Another effect likely will be noticed first in childhood: a triggering into an irrational upset. Anything from an earlier (unhealed) distressing experience can be a trigger—sounds, smells, tastes, looks, characters. The old scar or mis-assimilated recording of the earlier experience is turned on, outside our control.

“In the grip of the re-stimulated distress recording, the person talks foolishly, acts inaccurately and unsuccessfully, and feels terrible feelings that have no logical connection with what is actually going on” (Jackins, 1978, p. 48).

Unfortunately, within the situation with an activated recording, a person’s intelligence is not functioning but mis-assimilating experience again, further clogging the mind, creating more triggers, layers of triggers.

“The net effect is that each experience of being re-stimulated or ‘reminded too much of’ in this way leaves the person to be upset more easily, by more things, more often, more deeply, and for longer periods of time” (Jackins, 1978, p. 51).

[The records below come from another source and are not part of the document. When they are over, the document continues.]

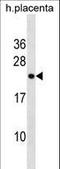 Ring Finger Protein 122 antibody, LS-C158862, Lifespan Biosciences, Western Blot image 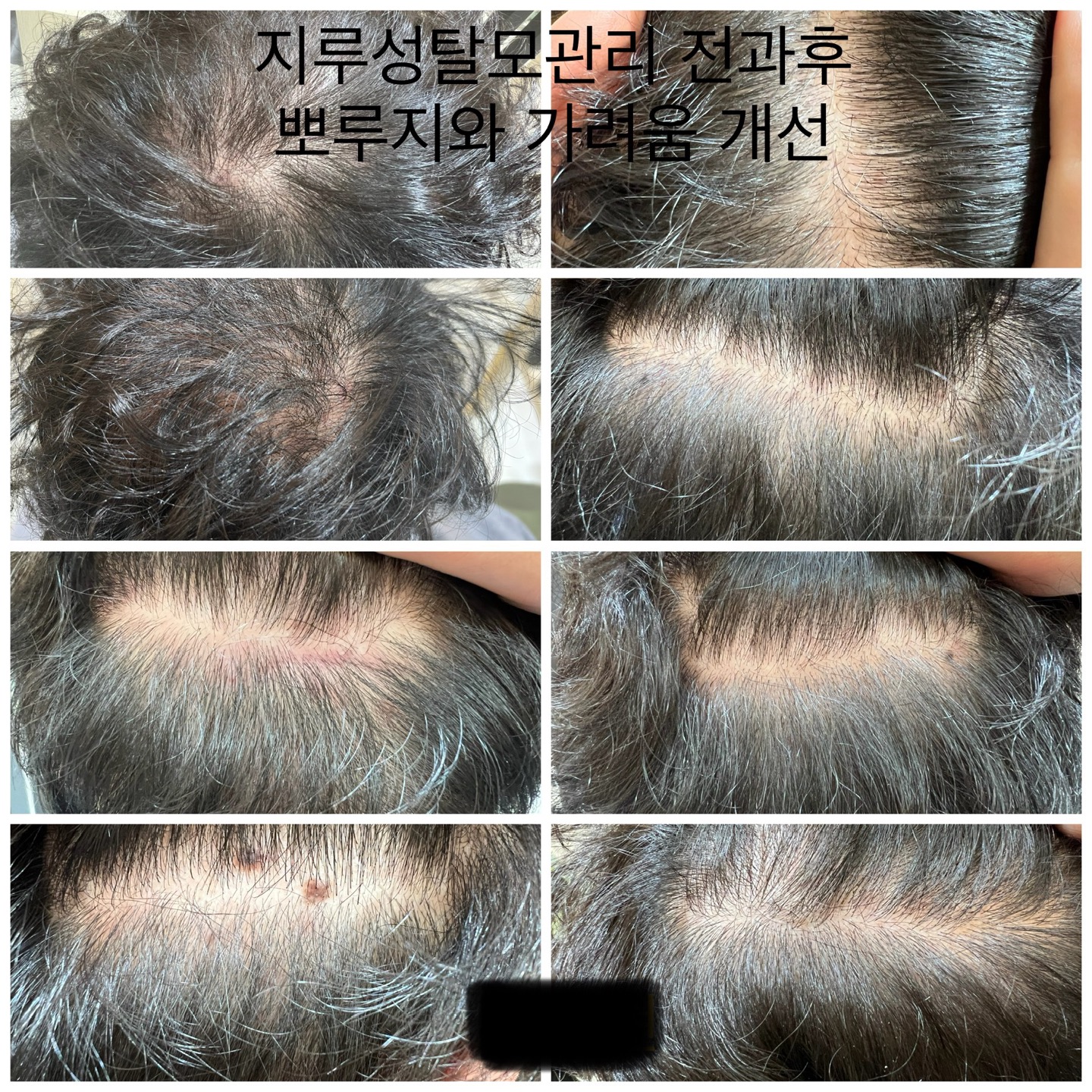 닥터스칼프 원주혁신점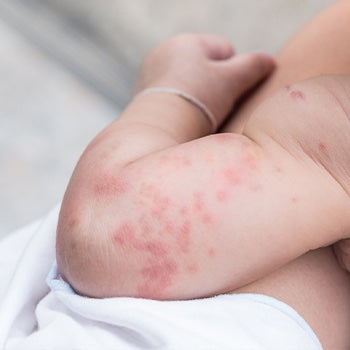 baby with eczema on the arm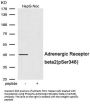 Phospho-ADRB2 (Ser346) Antibody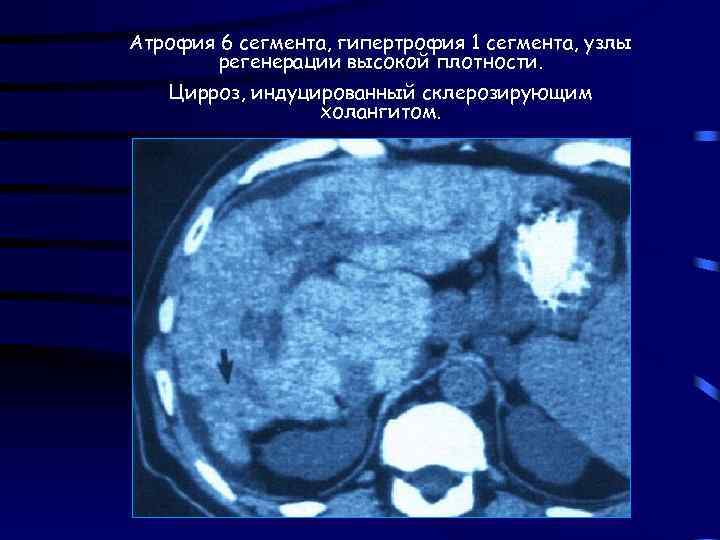 Атрофия 6 сегмента, гипертрофия 1 сегмента, узлы регенерации высокой плотности. Цирроз, индуцированный склерозирующим холангитом.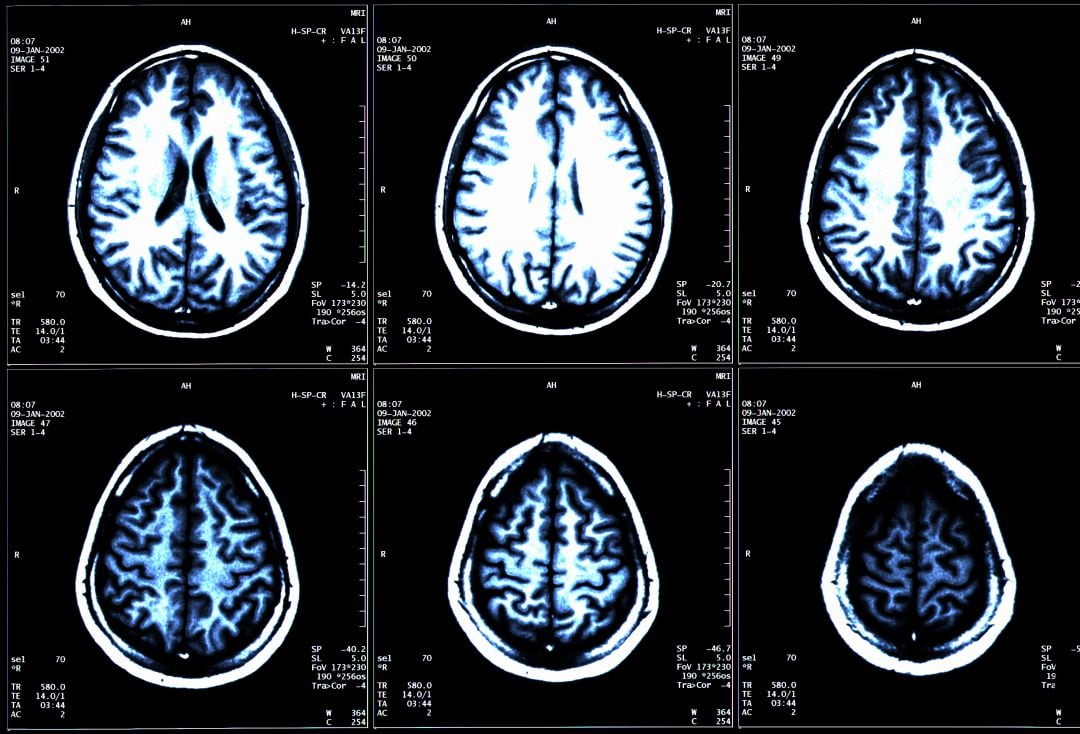 Resonancia magnética de un cerebro. 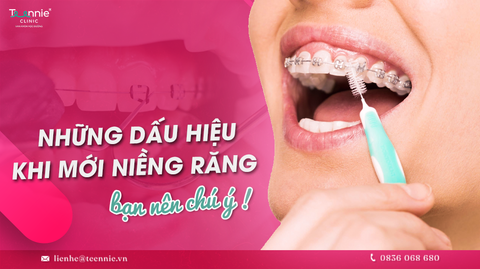 nhung dau hieu khi moi nieng rang ban nen chu y d69a882d5388428985d9b905312adfd3 large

Most adults in our culture carry latent unresolved distress from which they have not been able to recover. Just like stage fright, triggers emerge from particular situations, not all situations. Triggered distress patterns “inhibit the human’s capacity and lower his/her potential, but they do not dominate his/her behavior nor his/her feeling except and until they are re-stimulated by particular circumstances in his/her environment” (Jackins, 1978, p. 61). Counseling is a good source for healing latent unresolved distress.

But there can also be a chronic pattern, from distress that was re-stimulated to the point of chronic activated presence. Chronic unhealed distress patterns become personality idiosyncrasies, “manifested in postures, repetitive cliches of speech, rigid rituals of behavior…emotional attitudes… etched upon a person’s facial expression in the signs of griefanxiety, etc., which most older adults wear whenever in ‘repose’” (Jackins, 1978, pp. 65-66). Any of an infinite variety of patterns can thereby become “a portable prison cage” (Jackins, 1978, p. 63).

The misbehavior that can ensue from a distress-based personality often is met with punishments of one kind or another—shaming, reproach, isolation, condemnation—which do not address the basic issue of acquired (not innate), unresolved distress. Jackins advocates compassion for people displaying the unhealed residues of their childhood experience.

“We do not have a warped species of creatures who are inherently bent on mutual destruction; we have a divinely gifted species who create art, music, science, and beauty and make no negative moves except when ‘turned off’ and acting as puppets whose strings are pulled by old scars of hurts, either of their own, or ones that have become congealed in a rigid social structure and culture” (Jackins, 1978, p. 69).

When adults who carry distress scars are triggered, they can be irritable or aloof, invalidating and ridiculing, or even violent. When this happens in a parent toward a child, the child’s distress experience can lay the foundation for the child’s general distrust toward relationships and the world, or even start a tower of layered scars that renders the individual easily triggered into numbness and ossified intelligence. The distress patterns of adults are thereby passed to children, even with the best of intentions. Brain-Based Parenting by Baylin and Hughes is an excellent tool to help parents recognize their distress patterns in relation to their children.

References

Jackins, H. (1978). The human side of human beings. Seattle: Rational Island Press.

Piaget, J. (1954) The construction of reality in the child. New York, NY: Basic Books.

Sapolsky, R. M. (2004). Why zebras don’t get ulcers (3rd ed.). New York: Holt.